[TASK DESCRIPTION]: Write out the listing from the line with "CB-Guesthouse客房内的一张或多张床位" to the line with "Two men stand against a gray wall", both lines included, exactly and nothing beyond. Leave pictures out.

[INPUT RECORDS]:
────────────────────

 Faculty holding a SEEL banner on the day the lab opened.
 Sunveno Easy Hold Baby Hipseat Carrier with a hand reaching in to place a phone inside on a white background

────────────────────

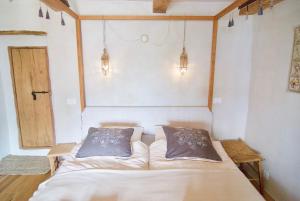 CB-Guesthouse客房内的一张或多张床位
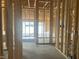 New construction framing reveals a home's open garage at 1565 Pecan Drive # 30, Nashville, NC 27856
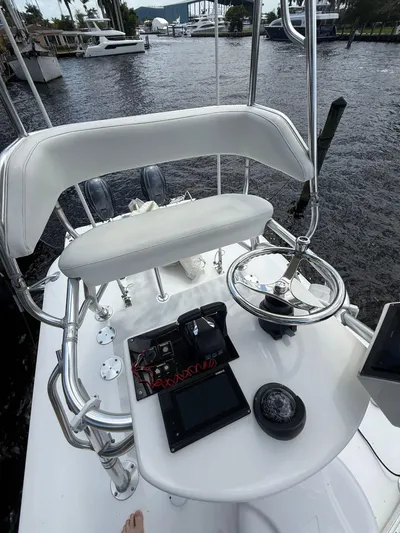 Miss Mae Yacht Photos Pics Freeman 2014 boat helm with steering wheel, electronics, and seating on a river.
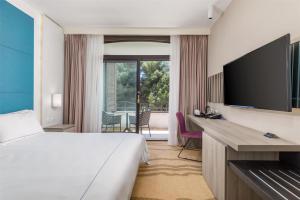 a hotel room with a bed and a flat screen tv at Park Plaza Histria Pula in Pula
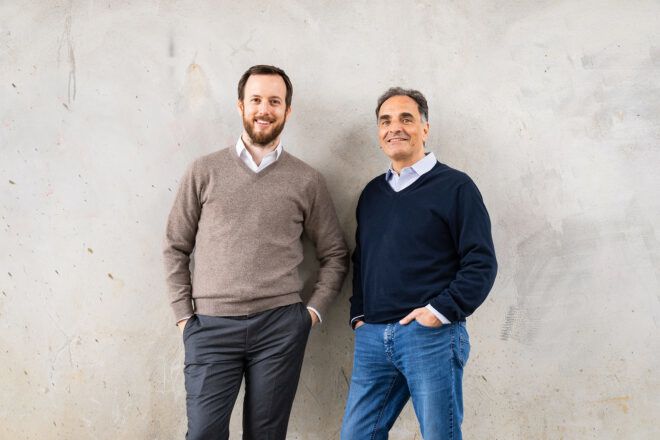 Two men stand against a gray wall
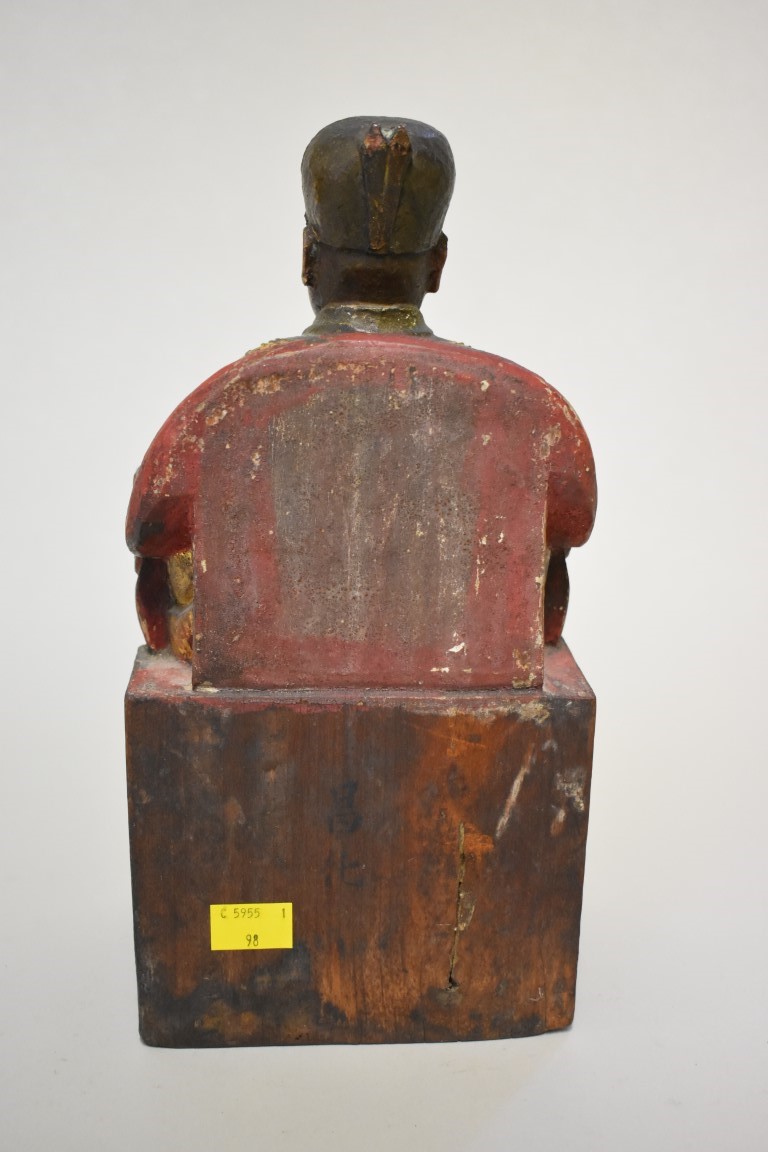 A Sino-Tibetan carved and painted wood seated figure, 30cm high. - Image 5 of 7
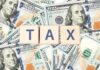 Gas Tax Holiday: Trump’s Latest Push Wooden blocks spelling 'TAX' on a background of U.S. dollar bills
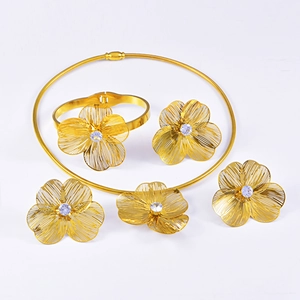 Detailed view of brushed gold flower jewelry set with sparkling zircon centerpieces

────────────────────

[ANSWER TO THE EXERCISE]:
 CB-Guesthouse客房内的一张或多张床位
 New construction framing reveals a home's open garage at 1565 Pecan Drive # 30, Nashville, NC 27856
 Miss Mae Yacht Photos Pics Freeman 2014 boat helm with steering wheel, electronics, and seating on a river.
 a hotel room with a bed and a flat screen tv at Park Plaza Histria Pula in Pula
 Two men stand against a gray wall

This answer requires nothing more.